Open tanquer opened 5 years ago
You would like to get a voxel grid?
Yes, I want to get the voxel grid from descriptors.
So you can't get the voxel grid from the descriptor (as the process making the descriptor rotationally-invariant loses information). However, if you're interested in getting the voxel grid used to generate the shape descriptors, that is possible.
For example, in the file ShapeDescriptor.cpp, the voxel grid is available within the CubeGrid object "gedt" after line 107. (The command "GaussianEDT" computes the Gaussian Euclidean Distance Trasnform, gedt, from the rasterization of the triangle mesh, grid.)
Thank you very much! So do you know any possible 3D descriptor which not only can describe the shape of 3D image but also can reconstruct to the voxel grid?
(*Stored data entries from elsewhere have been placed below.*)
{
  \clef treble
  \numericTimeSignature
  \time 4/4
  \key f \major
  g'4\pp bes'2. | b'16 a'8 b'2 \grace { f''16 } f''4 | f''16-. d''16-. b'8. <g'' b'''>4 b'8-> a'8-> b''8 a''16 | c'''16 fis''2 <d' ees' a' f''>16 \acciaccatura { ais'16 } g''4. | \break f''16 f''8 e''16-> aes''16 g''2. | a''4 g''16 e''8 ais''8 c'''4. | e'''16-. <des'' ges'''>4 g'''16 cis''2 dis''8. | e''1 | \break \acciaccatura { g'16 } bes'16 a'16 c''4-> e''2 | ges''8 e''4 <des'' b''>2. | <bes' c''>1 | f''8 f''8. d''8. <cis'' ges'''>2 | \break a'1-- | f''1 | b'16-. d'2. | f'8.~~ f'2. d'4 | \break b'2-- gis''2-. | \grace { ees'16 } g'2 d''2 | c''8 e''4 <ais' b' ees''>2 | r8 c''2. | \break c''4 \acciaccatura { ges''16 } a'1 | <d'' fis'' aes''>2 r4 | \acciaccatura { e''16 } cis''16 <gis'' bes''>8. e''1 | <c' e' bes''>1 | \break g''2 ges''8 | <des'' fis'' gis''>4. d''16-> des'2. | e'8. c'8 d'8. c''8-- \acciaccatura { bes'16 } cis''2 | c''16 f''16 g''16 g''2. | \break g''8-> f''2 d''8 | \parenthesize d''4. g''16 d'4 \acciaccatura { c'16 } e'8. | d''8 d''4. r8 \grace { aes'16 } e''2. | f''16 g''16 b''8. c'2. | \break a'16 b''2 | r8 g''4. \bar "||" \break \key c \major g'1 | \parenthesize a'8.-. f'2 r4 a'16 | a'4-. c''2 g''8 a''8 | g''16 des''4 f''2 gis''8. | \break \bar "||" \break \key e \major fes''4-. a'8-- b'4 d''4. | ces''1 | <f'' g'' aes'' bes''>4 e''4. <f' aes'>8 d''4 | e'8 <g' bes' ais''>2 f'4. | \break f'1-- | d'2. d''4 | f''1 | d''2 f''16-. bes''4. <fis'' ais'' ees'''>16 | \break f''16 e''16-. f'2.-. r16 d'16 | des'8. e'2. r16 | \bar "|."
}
I have found the 3D Zernike descriptor (http://cg.cs.uni-bonn.de/project-pages/3dsearch/downloads.html) which can do that, but it seems that their code didn't work correctly and I don't know how they voxelize the object.
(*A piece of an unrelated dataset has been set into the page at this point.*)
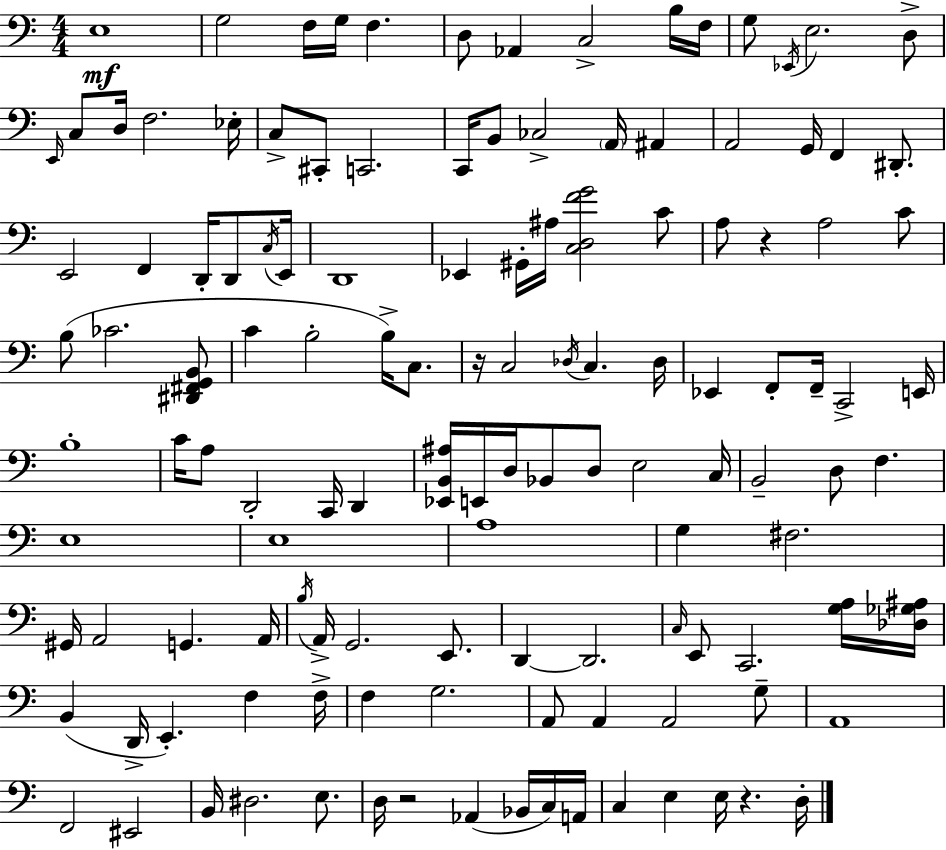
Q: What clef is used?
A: bass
Is there a reason not to use the voxel grid directly as the descriptors? I understand that it's not rotation-invariant, but rotation-invariance tends to come with a loss of information (even if you're using Zernike moments).
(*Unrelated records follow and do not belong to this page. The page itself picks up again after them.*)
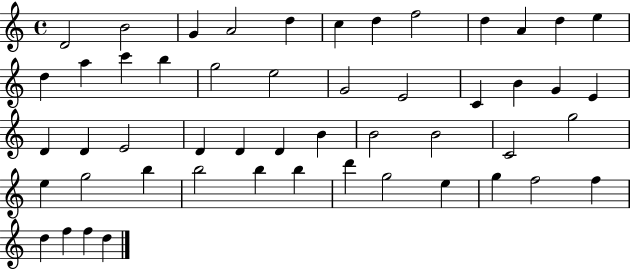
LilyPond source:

{
  \clef treble
  \time 4/4
  \defaultTimeSignature
  \key c \major
  d'2 b'2 | g'4 a'2 d''4 | c''4 d''4 f''2 | d''4 a'4 d''4 e''4 | \break d''4 a''4 c'''4 b''4 | g''2 e''2 | g'2 e'2 | c'4 b'4 g'4 e'4 | \break d'4 d'4 e'2 | d'4 d'4 d'4 b'4 | b'2 b'2 | c'2 g''2 | \break e''4 g''2 b''4 | b''2 b''4 b''4 | d'''4 g''2 e''4 | g''4 f''2 f''4 | \break d''4 f''4 f''4 d''4 | \bar "|."
}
Well, my purpose is to use some parameters to describe the shape of some images and try to find the distribution of these parameters for future imitated generating. In 2D image, we can easily use Fourier descriptor but in 3D image, it seems be much more difficult.
The problem that I can't just use the voxel grid is that, if we generate every voxel by the probability, we can not promise the boundary of the final object is continuous. Maybe it will be the scattered point map. What's more, I think rotation-invariance is not important for my purpose, so if I do not need this function, can I reach my point?
I know that nowadays, many new techs such as 3D GAN can do it directly, but I don't think we have enough 3D images for training this project.
Can I use these descriptors to reconstruct to 3D image? How to do that?